Die strategische Lage des Landes war im Mittelalter ausschlaggebend für die Befestigungen, die die Grafen und später die Herzöge Luxemburgs um die Städte ihrer Herrschaft errichten liessen. Das direkt an der französischen und der deutschen Grenze gelegene Luxemburg spielte eine wichtige Rolle in der internationalen Politik. Zwischen 1443 und 1839 wurde das Land, gleich den belgischen Provinzen, nicht weniger als sechsmal von verschiedenen Mächten eingenommen und die Burgunder, Spanier, Franzosen, Österreicher, Holländer und Preussen liessen die Stadt Luxemburg nach und nach zu einer der bedeutendsten Festungen der Welt werden, das "Gibraltar des Nordens".
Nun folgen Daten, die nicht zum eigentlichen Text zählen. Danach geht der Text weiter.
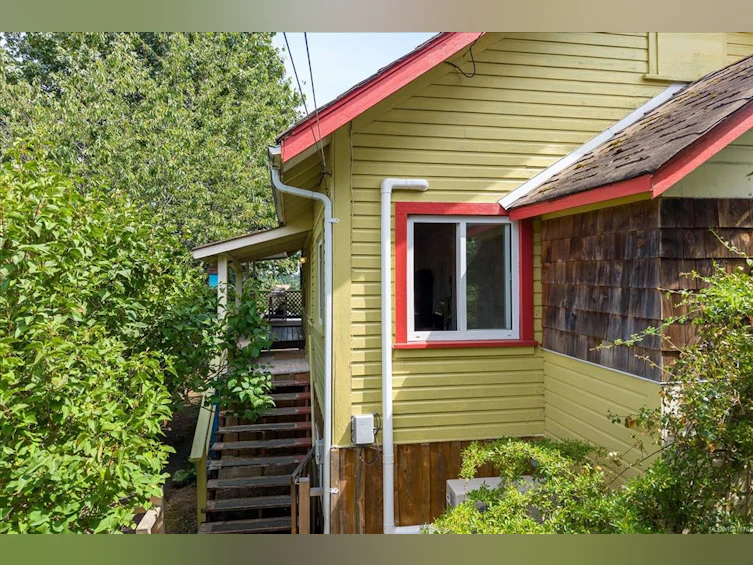 950 Bruce Avenue, Nanaimo, BC, V9R 4A3 - 26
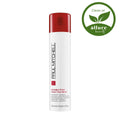 Paul Mitchell Flexible Style Super Clean Spray 315Ml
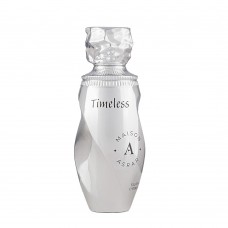 Maison Asrar Timeless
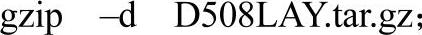 978-7-111-48526-1-Chapter07-10.jpg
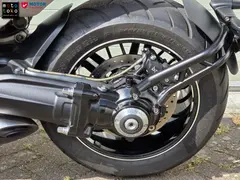 Triumph Rocket 3 GT 2021 occasion – foto 14 van 24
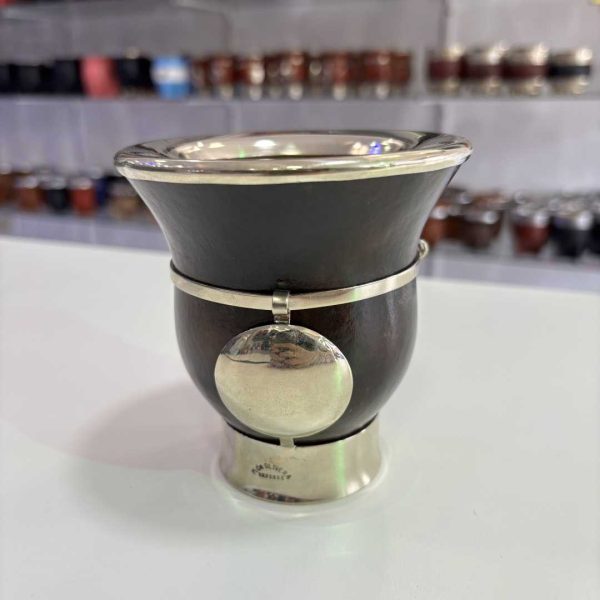Mate Criollo Caté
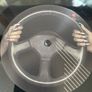 Neon Neon (SFA / Gruff Rhys) - Stainless Style Image 5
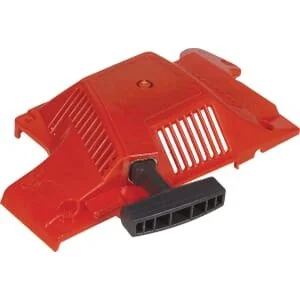 Kramp - 503608803KR - Anlasser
Rocher du Bock, Luxembourg

Verteidigt wurde die Hauptstadt durch drei Befestigungswälle mit 24 Forts, 16 zusätzlichen Befestigungsbauten und einem aussergewöhnlichen unterirdischen Kasematten-netz von 23 km Länge. Parallel zur technischen Entwicklung der Waffen wurden die befestigten Bauten den neuen Bedingungen angepasst und ausgedehnt bevor neue gesonderte Werke hinzugefügt worden sind.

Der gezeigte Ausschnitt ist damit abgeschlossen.